From my bookshelves: The First Filipino, a biography of Jose Rizal by Leon Ma. Guerrero (Guerrero Publishing, Manila: 1998)
Rizal is the Philippine’s national hero, a true Renaissance man – writer, physician, scholar, sculptor, farmer, amateur boxer, and much more besides. Along the way to his martyrdom at the hands of Spanish colonial forces in 1896, he found time to write two revolutionary novels, poetry, essays, and reams of correspondence, perform eye surgery on his patients, and fall in love with several women scattered in different countries.
A replica of Casa Redonda, Rizal’s octagonal hut in Dapitan that served as his eye clinic. Image here.

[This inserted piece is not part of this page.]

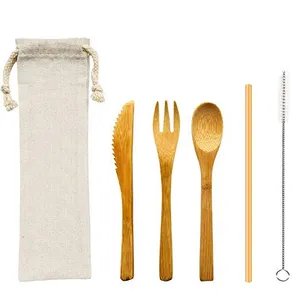Image of Bamboo Wooden Travel Utensils with Pouch for Camping Travel Picnic Office or Home Fork Spoon Chopsticks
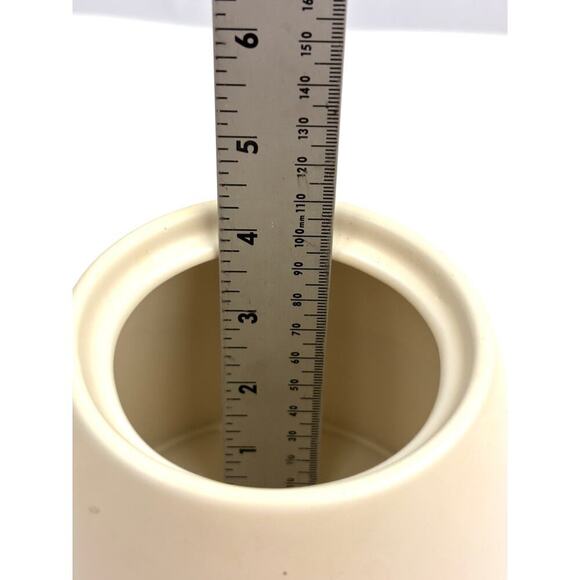 Umbra Mono Beige Ceramic Canister Lidded Jar Minimalist 5" - Picture 14 of 15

From a letter Rizal wrote while in Dapitan to his nephew Alfredo Hidalgo:
Go ahead, then; study, study, and think over well what you have studied; life is a very serious matter, and only those who have brains and a heart have a good life. To live is to be among men, and to be among men is to struggle. But this struggle is not an animal, material struggle, nor is it a struggle only with other men; it is a struggle with them but also with one’s self, with their passions but also with one’s own, with errors and with anxieties. It is an eternal struggle, [which one must sustain] with a smile on one’s lips, and tears in the heart. In this battlefield, a man has no better weapon than his intelligence, no greater strength than that of his own heart.